The interaction of recombinant tissue type plasminogen activator and recombinant plasminogen activator (r-PA/BM 06.022) with human endothelial cells.

The Escherichia coli-expressed recombinant plasminogen activator (r-PA) comprising the kringle 2 and protease domains of human tissue-type plasminogen activator (t-PA) has a four-fold longer half-life time in the circulation than t-PA, possibly resulting in an increased opportunity for r-PA to interact with the endothelial lining. In the present study we investigated the interaction of r-PA and t-PA with human umbilical vein endothelial cells (HUVEC). Specific binding of 125I-t-PA and 125I-r-PA were similar at 4 degrees C (Kd 6 nmol/l; Bmax about 120 fmol/mg cell protein). About half of the specific binding sites were shared by t-PA and r-PA, because unlabeled t-PA and r-PA competed equally with 125I-labeled t-PA and r-PA for binding to HUVEC. The low affinity interaction of 125I-t-PA was several-fold higher than that of 125I-r-PA. When PA binding was studied at 37 degrees C, HUVEC bound more t-PA than r-PA to both specific and non-specific binding sites. Both t-PA and r-PA were internalized and degraded, but t-PA internalization proceeded more efficiently than that of r-PA. In the presence of 100 microM chloroquine, the degradation of t-PA and r-PA was inhibited by 75% and 40%, respectively, indicating lysosomal degradation.

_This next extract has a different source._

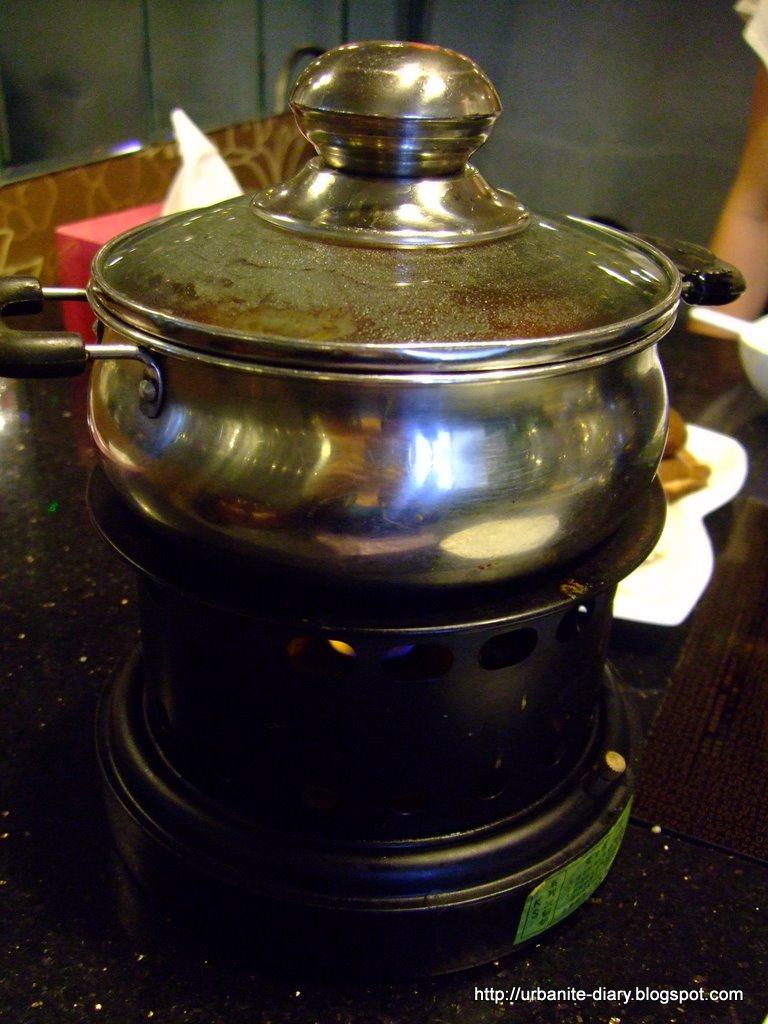 [Steamboat+pot.JPG]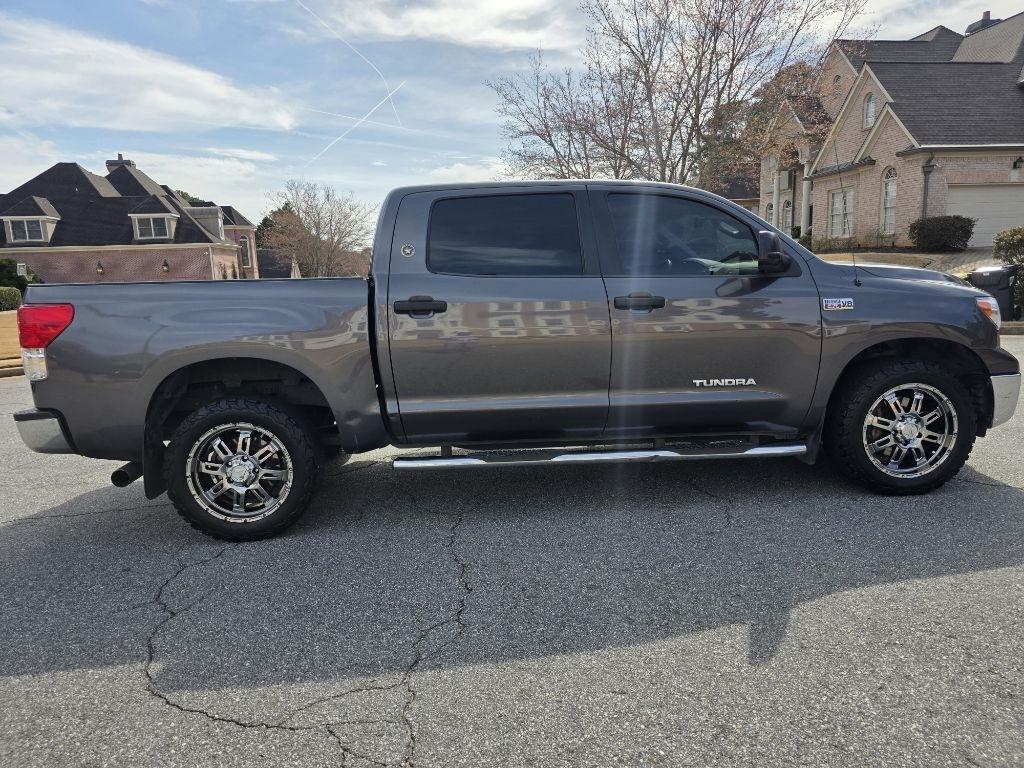 Toyota Tundra Tundra-Grade CrewMax 5.7L 2WD 2012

When the active sites of t-PA and r-PA were blocked by PPACK, part of the cell association and most of the degradation of both t-PA and r-PA were inhibited. This points to plasminogen activator inhibitor-1 (PAI-1) as one of the specific binding sites. A possible role of LDL-receptor related protein (LRP) or related members of this receptor family was investigated by using the 39 kD receptor associated protein (RAP) which prevents interaction of ligands with these receptors. RAP reduced the association of 125I-t-PA by 25% and the degradation of 125I-t-PA and 125I-r-PA by 65% and 50%, respectively. Our data show that both t-PA and r-PA bind to HUVEC and can subsequently be internalized and degraded. However, r-PA interacts less effectively with HUVEC than t-PA. This indicates that binding to the endothelium does not prevent the clearance of r-PA and is not the cause of its long half-life.